Sql-server – Finding missing gaps of data in a table with ~2.5 Million rows

gaps-and-islandssql serversql-server-2012

I work for an economics consulting company and all of our data is housed in SQL Server 11 (2012). Our data essentially consists of a date column, a raw data column, several calculations columns and a column that has a shortcode to distinguish each set of data from the next.

We have thousands of these sets that are all loaded into the same table (~2.5 Mil rows total) and then drawn from and ordered with a query. They are generally ordered by date, starting with the first month and moving month by month until the last month. The start and end dates of each series varies from just a year's worth of time to 100+ years.

Recently, we've been having some issues where random sections of data just disappear. The entire row just up and leaves, which makes finding these missing rows somewhat of a challenge without combing through every single month to check if a month is missing, a somewhat impossible task for a 2.5 million row table.

My boss has tasked me with writing a query/stored procedure that will look through this giant table and look to see which sets having missing rows and where they are.

I've been trying to work through this problem that is a little bit above where my SQL skills are and I can't seem to find anybody that has had a similar issue anywhere on the web. I'm going to go through what I already have and maybe someone can at least tell me if I'm headed in the right direction and possibly provide some insight as to where I should go from here.

The best solution I could find on the web was using a CTE to create a temp table of dates and then compare them with the original table. This works great if I was just scanning for problems in one particular data set, but I have many data sets within the same table, all with different starting and end dates. So I went with it anyways in hopes that I could eventually expand it to search through the lot of them. Here's my code:

declare @startDate Date, @endDate Date 
set @startDate = '2000-01-01'
set @endDate = '2016-11-01'

;with GetDates As  
(  
select @startDate as TheDate
UNION ALL  
select DATEADD(MONTH,1, TheDate) from GetDates
where DATEADD(MONTH,1, TheDate) <= @endDate
)

SELECT TheDate,SHORTCODE,MonthYear 
From GetDates
LEFT OUTER JOIN VWTBL_INDICATOR
ON GetDates.TheDate=VWTBL_INDICATOR.MonthYear
AND VWTBL_INDICATOR.SHORTCODE='RMI WEST'
OPTION(MAXRECURSION 1000)

'RMI West' would be the shortcode that marks this particular data set and it is missing data from November of 2004 to March of 2005 which appear as nulls when I execute this query. That is almost exactly what I need, but for every data set that I have in the table.

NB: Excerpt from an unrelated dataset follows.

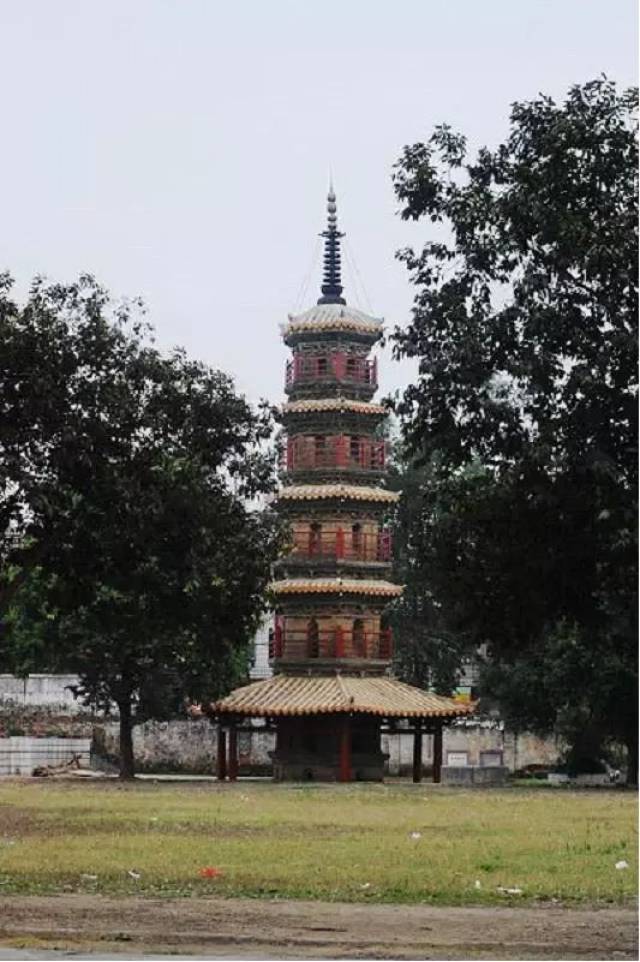 由于蓬莱寺同时坐落于原浛洸一中校园内 当年多少莘莘学子都喜欢 以"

How do I write this query properly? Our company contracts out a bunch of the work done on our database so I'm not really all that familiar with the guts of it. We have an upload function and when I pull the data in using that, everything is fine. But when I look at the data a week or two later, it is missing random dates. They have been looking into a solution, but we need a way to find these gaps in the meantime.

We will always be checking months. Our data almost always starts on January in a given year and ends on the current month or close to it if the data hasn't come out yet.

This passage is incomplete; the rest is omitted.